Pot metal has no specific formula as it is made of a combination of several cheap metals, and its low cost is one of the reasons why it is used so often and for so many different applications. As there is no need for any specialized tools in order to cast pot metal thanks to its low melting point, it is an affordable choice, however on the downside, it often breaks down for precisely these reasons, becoming more misshapen with time.
Pot metal can easily be damaged, and therefore many classic automotive parts and other pot metal items will require repairs. While sometimes those repairs can be carried out quickly and easily with a handful of materials and tools, other times welding will be necessary to carry out a thorough repair to rectify the damage.

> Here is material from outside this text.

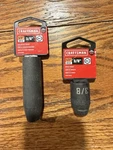 Craftsman 3/8 Drive 1/2 Impact Socket Combo Shallow Deep New 6 Pt Black Tool. Fixed Price $10.49.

Is It Worth Welding Pot Metal?
As many of the items made from pot metal are cheap trinkets, quite often it is pointless to carry out welding in order to repair them since they are very low value. However, there are a number of pot metal items which are certainly worth the effort. For example, a number of antique items and classic car parts such as ornaments and trims are all made from pot metal and can be very valuable when repaired to a high standard with welding.
What Are The Problems Of Welding Pot Metal?
The main problem involved with welding pot metal is that it can be very hard to determine the type of alloy that it is. While some pot metal items can be welded safely, other are primarily alloys of aluminum or zinc and this presents a greater difficulty. Zinc, for example, cannot be welded since it releases toxic and harmful fumes. It is also extremely difficult to weld since its melting point is exceptionally low. If the alloy is primarily aluminum, it may potentially be completely unweldable.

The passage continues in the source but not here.